September 1994/Questions & Answers

Columns

Questions & Answers

Parentheses with new Operator

Kenneth Pugh

Kenneth Pugh, a principal in Pugh-Killeen Associates, teaches C and C++ language courses for corporations. He is the author of All On C, C for COBOL Programmers, and UNIX for MS-DOS Users, and was a member of the ANSI C committee. He also does custom C/C++ programming and provides SystemArchitectonicssm services. His address is 4201 University Dr., Suite 102, Durham, NC 27707. You may fax questions for Ken to (919) 489-5239. Ken also receives email at kpugh@allen.com (Internet) and on Compuserve 70125,1142.
Q
In the April issue starting on page 115, you discuss certain uses of new expressions. You say, "He (Plauger) suggested that there are some subtleties in the C++ standard that dictate when you need to write parentheses and when sometimes even parentheses won't do. Different implementors probably interpret the rules differently and may even vary in how well they get their own rules right. Perhaps a reader can come up with an explanation of what these allocations really do."
OK, allow me to set it all straight. The rules of early C++ only allowed a simple name (one word) to be used as the type of a new- expression. It was C++ 2.0 that introduced an extended syntax. The extended syntax has not changed to this day, and has two forms. The first form figures out for itself where the type expression ends, and allows a restricted form of types. The second form is explicitly parenthesized.
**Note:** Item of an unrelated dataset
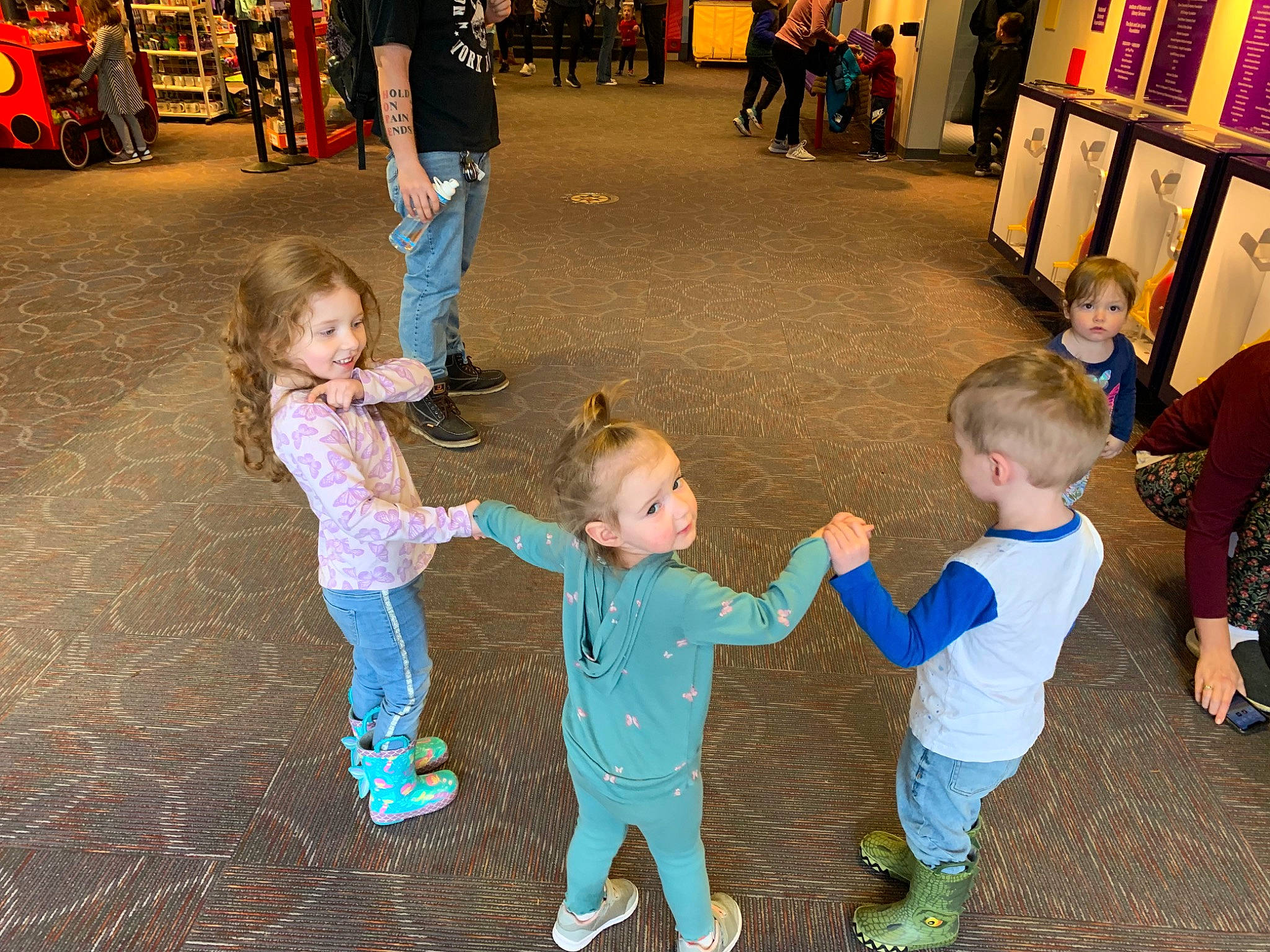 Hope is registered to the contest to win money with this photo: event, flooring, footwear, fun, gesture, hairstyle, happy, interaction, jeans, joy, leg, leisure, person, product, recreation, shoe, sneakers, standing, t_shirt, toddler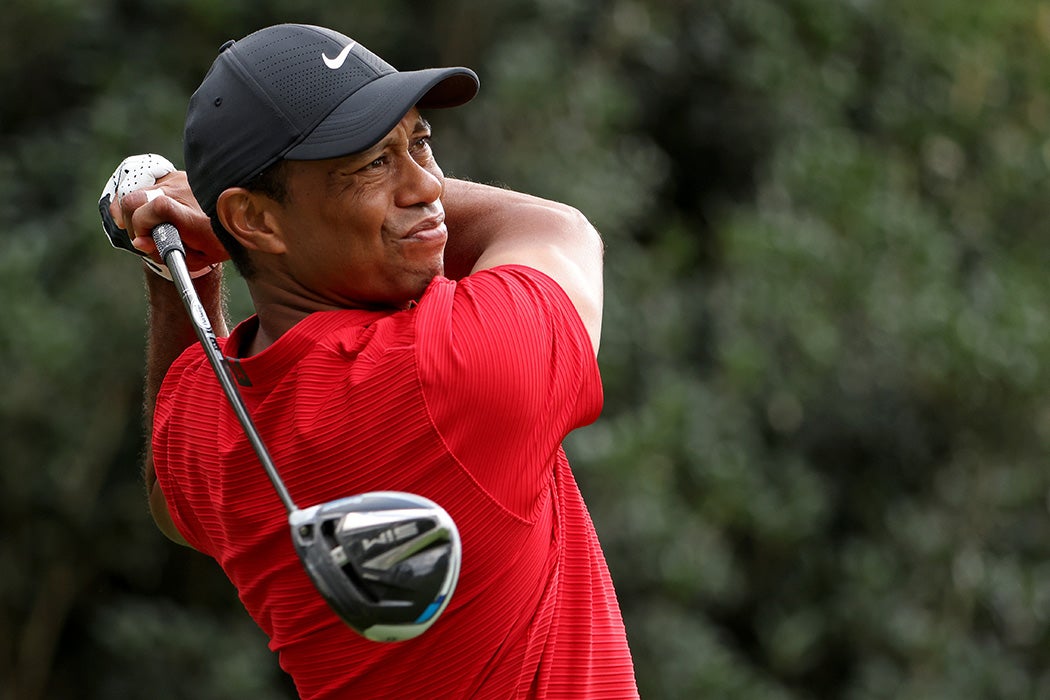Tiger Woods of the United States plays his shot from the 15th tee during the final round of the Masters at Augusta National Golf Club on November 15, 2020 in Augusta, Georgia.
Like an if or while statement, the parens are part of the syntax and are not grouping parens. This is what happens in (1).
char* pc5= new (char*) [n];  (1)
The new-expression subexpression here is not new(char*) [n] as intended, but new(char*) only. You might consider this an order-3-of-precedence goof. To make it perfectly clear, (1) does the same thing as (2) and (3) below.

char** temp= new (char*); (2) char* pc5= temp[n]; (3)
You can see that this does produce a char*, and is a totally nonsense char*. The expression will allocate one (char*) and return a pointer to it, a char**. That is then subscripted in the normal way, adding n and dereferencing. There is no mystery why the final type is a char*, not a char** as originally expected.
The misconception here is the usage of the parentheses. The '(' indicates that this is the "explicitly parenthesized form" of new, and the type to allocate is delimited by the balanced parentheses. Either new char*[n] or new((char*[n]) would have been correct.
There are no subtleties here to worry about. A C++ programmer should be taught that the parentheses are part of the syntax of new, as with if and while, and are not grouping parentheses in an expression. There is a second form of new that does not use the parentheses. If a '(' appears where the type name goes, the parser uses the parenthesized form, otherwise it doesn't.
In addition, I would like to point out that (4) does the same thing as (1). The extra parentheses are redundant.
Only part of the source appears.